→ **WHAT TO WORK ON**
Set down word for word the lines that begin the entries and run through the line containing "yellow clip art sewing machine". Give nothing further.

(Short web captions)

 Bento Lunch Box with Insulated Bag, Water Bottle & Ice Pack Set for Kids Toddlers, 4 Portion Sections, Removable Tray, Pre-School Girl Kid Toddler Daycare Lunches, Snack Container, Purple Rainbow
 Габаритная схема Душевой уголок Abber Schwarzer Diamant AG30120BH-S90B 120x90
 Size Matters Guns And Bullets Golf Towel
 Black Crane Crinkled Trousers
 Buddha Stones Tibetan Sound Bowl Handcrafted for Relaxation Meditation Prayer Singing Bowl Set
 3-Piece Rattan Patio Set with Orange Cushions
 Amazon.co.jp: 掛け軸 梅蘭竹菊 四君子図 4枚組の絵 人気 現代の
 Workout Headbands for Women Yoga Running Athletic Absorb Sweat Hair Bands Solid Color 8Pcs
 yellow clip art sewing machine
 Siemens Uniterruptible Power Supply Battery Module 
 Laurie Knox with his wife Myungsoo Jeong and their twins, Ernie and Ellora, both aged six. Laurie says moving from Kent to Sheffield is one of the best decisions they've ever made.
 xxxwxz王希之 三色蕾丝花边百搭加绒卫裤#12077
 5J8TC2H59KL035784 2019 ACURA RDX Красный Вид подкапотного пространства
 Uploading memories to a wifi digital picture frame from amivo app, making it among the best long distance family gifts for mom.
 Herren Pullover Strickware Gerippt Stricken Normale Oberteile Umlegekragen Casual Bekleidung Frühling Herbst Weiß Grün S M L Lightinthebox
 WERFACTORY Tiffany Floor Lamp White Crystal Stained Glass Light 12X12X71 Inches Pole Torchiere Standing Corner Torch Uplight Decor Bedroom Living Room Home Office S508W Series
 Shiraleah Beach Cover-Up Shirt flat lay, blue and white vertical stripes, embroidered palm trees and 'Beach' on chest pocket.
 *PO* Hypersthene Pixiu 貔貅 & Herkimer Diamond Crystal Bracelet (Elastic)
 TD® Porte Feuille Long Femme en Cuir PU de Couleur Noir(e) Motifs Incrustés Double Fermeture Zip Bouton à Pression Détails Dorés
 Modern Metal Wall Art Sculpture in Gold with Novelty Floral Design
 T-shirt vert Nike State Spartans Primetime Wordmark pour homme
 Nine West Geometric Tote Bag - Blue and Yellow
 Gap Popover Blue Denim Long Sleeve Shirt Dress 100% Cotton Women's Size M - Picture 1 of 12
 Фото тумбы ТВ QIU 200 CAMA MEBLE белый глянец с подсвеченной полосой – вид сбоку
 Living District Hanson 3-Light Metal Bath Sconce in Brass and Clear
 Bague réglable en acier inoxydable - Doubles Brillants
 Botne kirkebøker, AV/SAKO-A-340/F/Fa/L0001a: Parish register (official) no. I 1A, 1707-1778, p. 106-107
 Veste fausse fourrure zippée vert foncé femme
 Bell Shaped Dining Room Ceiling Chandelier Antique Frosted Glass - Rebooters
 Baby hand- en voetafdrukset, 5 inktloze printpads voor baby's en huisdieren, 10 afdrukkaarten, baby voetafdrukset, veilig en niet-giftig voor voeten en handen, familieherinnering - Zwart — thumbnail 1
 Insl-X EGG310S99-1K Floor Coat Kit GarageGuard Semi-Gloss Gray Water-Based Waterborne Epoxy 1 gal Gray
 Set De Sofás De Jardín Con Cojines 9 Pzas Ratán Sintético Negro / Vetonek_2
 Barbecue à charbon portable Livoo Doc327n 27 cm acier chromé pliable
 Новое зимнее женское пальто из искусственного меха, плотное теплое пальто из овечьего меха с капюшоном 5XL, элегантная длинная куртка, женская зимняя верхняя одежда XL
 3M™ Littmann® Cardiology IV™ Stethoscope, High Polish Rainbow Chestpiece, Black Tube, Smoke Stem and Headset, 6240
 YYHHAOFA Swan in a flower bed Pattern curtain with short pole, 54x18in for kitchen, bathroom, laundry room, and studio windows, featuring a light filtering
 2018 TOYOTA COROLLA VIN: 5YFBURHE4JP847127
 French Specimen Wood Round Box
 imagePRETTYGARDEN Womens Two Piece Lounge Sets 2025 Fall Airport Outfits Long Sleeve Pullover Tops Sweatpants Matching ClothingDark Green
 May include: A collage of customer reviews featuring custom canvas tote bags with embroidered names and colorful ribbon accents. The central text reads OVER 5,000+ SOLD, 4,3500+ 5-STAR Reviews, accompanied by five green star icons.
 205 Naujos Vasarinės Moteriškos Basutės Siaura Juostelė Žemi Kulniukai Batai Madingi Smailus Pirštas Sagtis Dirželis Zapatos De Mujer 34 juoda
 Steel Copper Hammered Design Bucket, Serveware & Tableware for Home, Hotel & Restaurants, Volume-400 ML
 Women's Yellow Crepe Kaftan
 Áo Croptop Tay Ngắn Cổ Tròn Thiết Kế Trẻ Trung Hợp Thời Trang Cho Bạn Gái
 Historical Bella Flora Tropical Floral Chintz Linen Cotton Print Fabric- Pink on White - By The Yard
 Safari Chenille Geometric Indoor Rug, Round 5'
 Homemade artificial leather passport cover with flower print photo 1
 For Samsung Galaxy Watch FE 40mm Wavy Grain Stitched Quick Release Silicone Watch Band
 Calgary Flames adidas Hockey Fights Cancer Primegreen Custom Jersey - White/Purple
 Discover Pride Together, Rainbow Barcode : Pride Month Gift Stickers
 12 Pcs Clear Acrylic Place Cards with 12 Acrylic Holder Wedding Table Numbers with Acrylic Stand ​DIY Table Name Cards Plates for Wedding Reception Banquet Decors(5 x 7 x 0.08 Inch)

→ **ANSWER FOR THE TASK**
 Bento Lunch Box with Insulated Bag, Water Bottle & Ice Pack Set for Kids Toddlers, 4 Portion Sections, Removable Tray, Pre-School Girl Kid Toddler Daycare Lunches, Snack Container, Purple Rainbow
 Габаритная схема Душевой уголок Abber Schwarzer Diamant AG30120BH-S90B 120x90
 Size Matters Guns And Bullets Golf Towel
 Black Crane Crinkled Trousers
 Buddha Stones Tibetan Sound Bowl Handcrafted for Relaxation Meditation Prayer Singing Bowl Set
 3-Piece Rattan Patio Set with Orange Cushions
 Amazon.co.jp: 掛け軸 梅蘭竹菊 四君子図 4枚組の絵 人気 現代の
 Workout Headbands for Women Yoga Running Athletic Absorb Sweat Hair Bands Solid Color 8Pcs
 yellow clip art sewing machine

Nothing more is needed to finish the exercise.